In 1732 the population of the city was 3321 people.
The first city architects were engineers François Korassini from Avignon and Karol Benoe. The building of every medieval city began with fortification strengthening. Ivano-Frankivsk was not an exception and it was to be built according to François Korassini s plan of “The Ideal City” in 1672. The notion that was influenced by the Renaissance style in Western Europe, especially in France, meant the creation of such a variant of city fortification that would be well protected and have quite a lot of places for population security and beating off the attacks of the enemy, would also have convenient placement of living areas and sacred buildings.
There were only few such cities in all Europe. It was connected with the fact that the city was to be built on empty place or on the place devastated by foreign enemies and this required many expenses for its building. There were only three such cities in Ukraine – Zhovkva, Brody and Stanislaviv.
Using the “Diary” of Ulrikh Fon Verdum (a famous European traveler of that time), we know that the city of that time in 1672 was situated on a flat square on the place of former Ukrainian village Zabolottya. From three sides the city was surrounded by lakes and bogs through which the small Bystrytsya River ran, flowing in to the city ditch. Fortification consisted of six strong bastions on the lower side of which was palisade made of oaks. There was a wooden Roman-Catholic church where masses took place until a beautiful stone church (nowadays a Fine Art museum) was completed. Armenians, Russins and Greek-Catholics had also their own church per each community. The city Town Hall was in the center of a market square. Voyevoda (a governor of the province) established a high school with five professors when he lived in a wooden castle of that time. However, construction of a big palace made of stone which was to be erected in the southeast part of the city (now Shpytal’na Street) had been planned. Voyevoda wanted to make it with towers and other fortifications as a citadel. Such was Stanislaviv city at that time.
Nowadays only one bastion fragment of the powerful medieval fortress is saved (Fortechnyy Side-street).

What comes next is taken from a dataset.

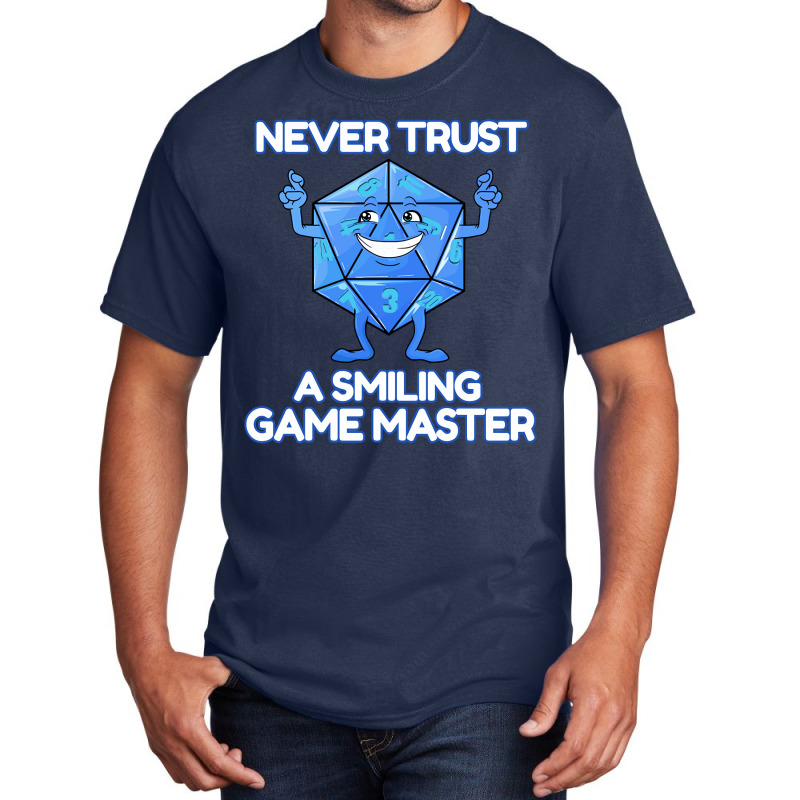 Game Master Geek Rpg Dice Role Play Gamer Basic T-shirt | Artistshot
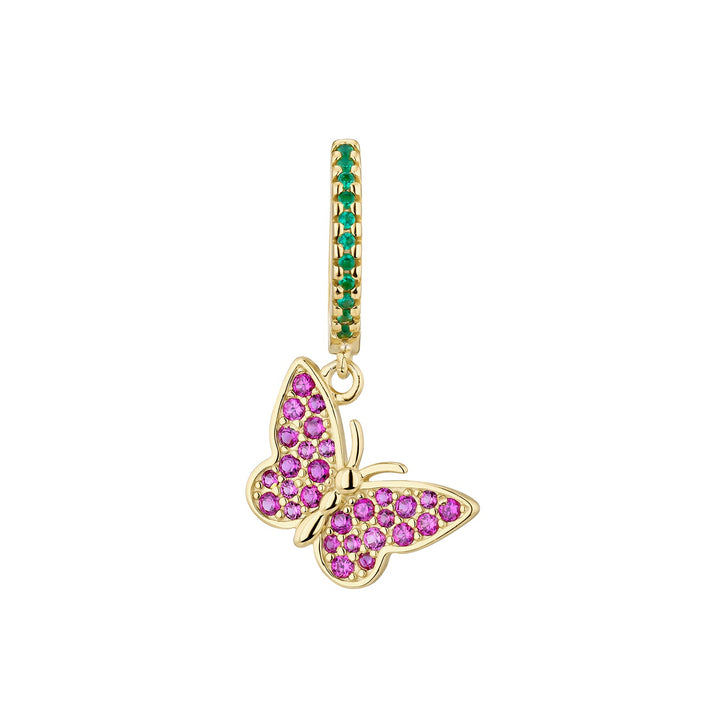 ORECCHINO PIERCING CERCHIO FARFALLA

From the mentioned above temples only one has been preserved – The Immaculate Conception of God’s Mother Collegiate Roman-Catholic church, designed by the project of Korassini and Benoe from 1672 to 1703. It was built in Renaissance style in the form of a cross. The church is a family tomb of the Pototskis.
Andriy Pototskis son of Yosyph decorated the Catholic Church after his father s death. In 1721-1737 he did everything to enrich the interior of the church. By 1737 masters Thomas Gudder and Konrad Kutchenrayter from Bavaria set luxurious side altars in Baroque style there. Decorative Rococo style architectural details were also done. In 1877, a famous artist Fabiyanski Rudolf Erazm painted the interior of the church. Above the main entrance, where the choir loft is, there was a very melodic organ. One could hear it first on November 11, 1900, when professor Tepfer from Dresden played the organ. From May 18, 1980 the Catholic Church has become a Fine Art museum.
The most valuable things of religious honor in the church were relics of St. Vincent. Stanislav Pototskiy brought the relics in 1679, who soon after that died at war battle under the rule of king Yan III.
Saint relics “…got Stanislav begging the Pope Innokentiy XI during his trip to Rome”, as his brother Yosyph Pototskiy wrote in the preserved Act of the 18th century. According to the later document, Stanislav Pototskiy asked the Pope Innokentiy to give him St. Vincent relics that were taken from Roman catacombs.
In the Catholic Church in Stanislaviv, there were also relics of saint martyrs of Yevstahiy, Florian and Mavrytsjy. Nevertheless, St Vincent’s relics were known for its miracles. According to the priest Baronch everyone who came there with faith and had some anxiety or trouble felt much relieved. Even come-and-go people trusted this place and glory about unusual events connected with the relics made St. Vincent known as a patron of Pokuttya.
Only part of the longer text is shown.